First World War Poetry Digital Archive

"The Crucifix"

"The Crucifix" He hung there at the crossroads On a Cross of rain-beat red, And the nails that pierced His hands and feet And the thorn crown on His head Showed awfully in the moonlight, And it seemed that He was dead. But I knelt beneath the Crucifix And prayed with bowed head, And the nails that pierced His hands and feet Fell out, all rusted red, And shining in the moonlight Was a gold crown on His head.
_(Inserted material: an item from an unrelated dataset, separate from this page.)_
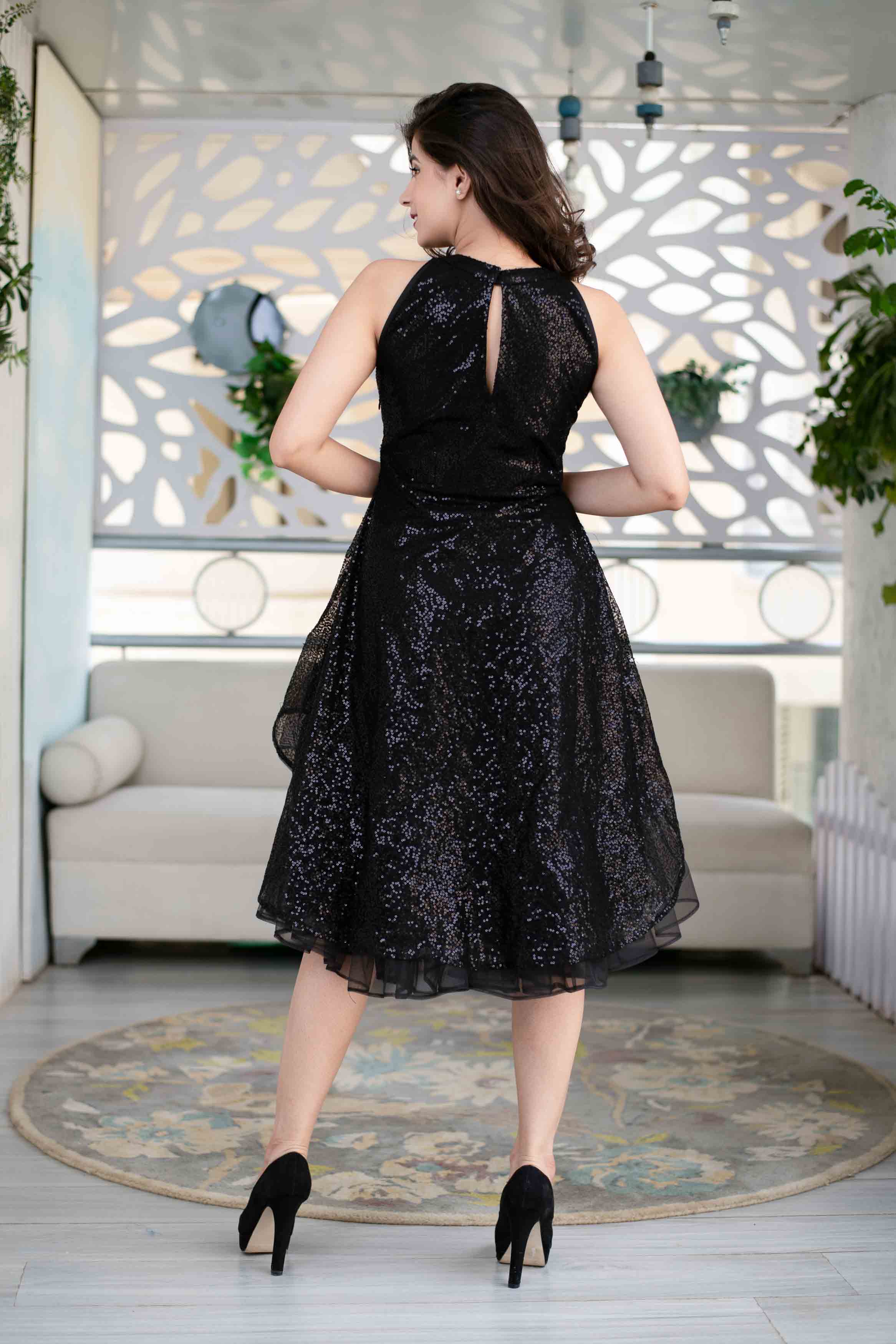 black sequin high low dress Black Sequins Mermaid High Low Lace-up Party Dress, Black Sequins Formal Dress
And He came from off the Crucifix, He who had seemed dead, And gently placed His pierced hand In mine and so He led Me in the paling moonlight To a place all bloody red. “Here was a soldier’s sacrifice”, He gently to me said. “Here a man fell, as was his meet, For justice; and he bled There in the ghastly moonlight Till they said that he was dead. “But I saw him from yon Crucifix, And I came with noiseless tread, And took his heart and placed it In a babe unborn instead, And his soul sped in the moonlight, And with God’s in Heaven was wed. “And the babe shall be a hero, Of that soldier’s valour bred, He shall live to lead his brothers, But not in battle red; He shall lead them to the sunlight, When the Hell of War is dead”. I awoke there at the crossroads By the Cross of rain-beat red. And the nails, that pierced His hands and feet And the thorn-crown on His head Showed awfully in the moonlight. But I knew He was not dead. John B Nicholson France 1915

Citation

“"The Crucifix",” by Nicholson, John B.. The Great War Archive, University of Oxford / Primary Contributor via First World War Poetry Digital Archive, accessed April 29, 2024, http://ww1lit.nsms.ox.ac.uk/ww1lit/gwa/item/5672.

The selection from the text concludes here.